The classic cardiac memory also described as electrotonic modulation of the ventricular repolarization has been referred to as persistent TW changes which appear after a period of abnormal ventricular depolarization once the normal activation is restored. This may be caused by different conditions, including ventricular pacing, ventricular pre-excitation, intermittent left bundle branch block, and wide complex tachycardias.1,2

The electrophysiological basis of post-pacing memory-induced TW changes are attributed to a significant change in the normal ventricular repolarization gradient,3,4 which in turn is affected by the activation time of the ventricular myocardium.5 During RVAP, depolarization begins at the apical region of the right ventricle and ends at the basal region of the left ventricle. Thus, the main electrical depolarizing forces are oriented leftward, upwards, and posteriorly, and lengthening of the repolarization occurs at the apex and shortening at the base.4 Therefore, after cessation of RVAP, ventricular repolarization proceeds in the same direction as the conditioning anomalous depolarization.

In our patient, the post pacing T waves were symmetrically negative in all standard precordial leads, reflecting the existence of cardiac memory as the polarity of the TW tracked that of the precedent abnormal QRS complexes. The memory-induced TW inversion became more profound as the leads were displaced to lower intercostal spaces; however, the changes became less marked and completely disappeared when the leads were displaced to third and second ICS, respectively.

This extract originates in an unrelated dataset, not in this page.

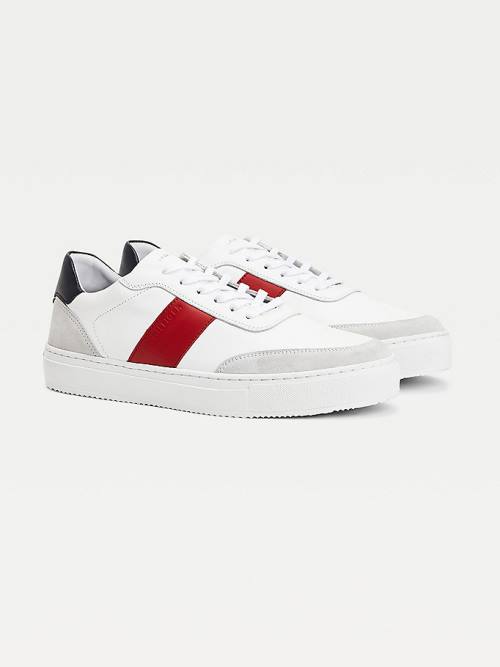 Tommy Hilfiger Premium Leather Suede Cupsole Moški Superge Bela | TH934REX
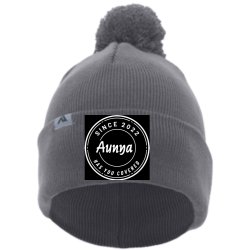Aunya Design Custom Printed Cap | Unisex Pacific Headwear Knit Fold Over Pom-Pom Beanie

Why do memory-induced TW changes seem to disappear in the precordial leads when the electrodes are placed in the second and third ICS?

This variation in the TW changes in surface precordial mapping is a novel concept and one can speculate that the lower recording in the precordial mapping is facing the “tail” of the maximum deflection vector of depolarization (directed upward), thus, increasing visualization of the phenomenon. Higher precordial leads (second and third ICS) are facing the “head” of the vector, thus the phenomenon dissipates. It is noticeable that cardiac memory remains unchanged in the limb leads.

This case indicates that the memory TW changes in precordial leads may be strongly influenced not only by the spatial direction of the conditioning QRS complexes, but also by location of the leads in the precordium and their position relative to the anatomical position of the heart.

Recognizing cardiac memory-induced TW changes is clinically important for evaluation of the T-wave characteristics and has potential implications for management of patients.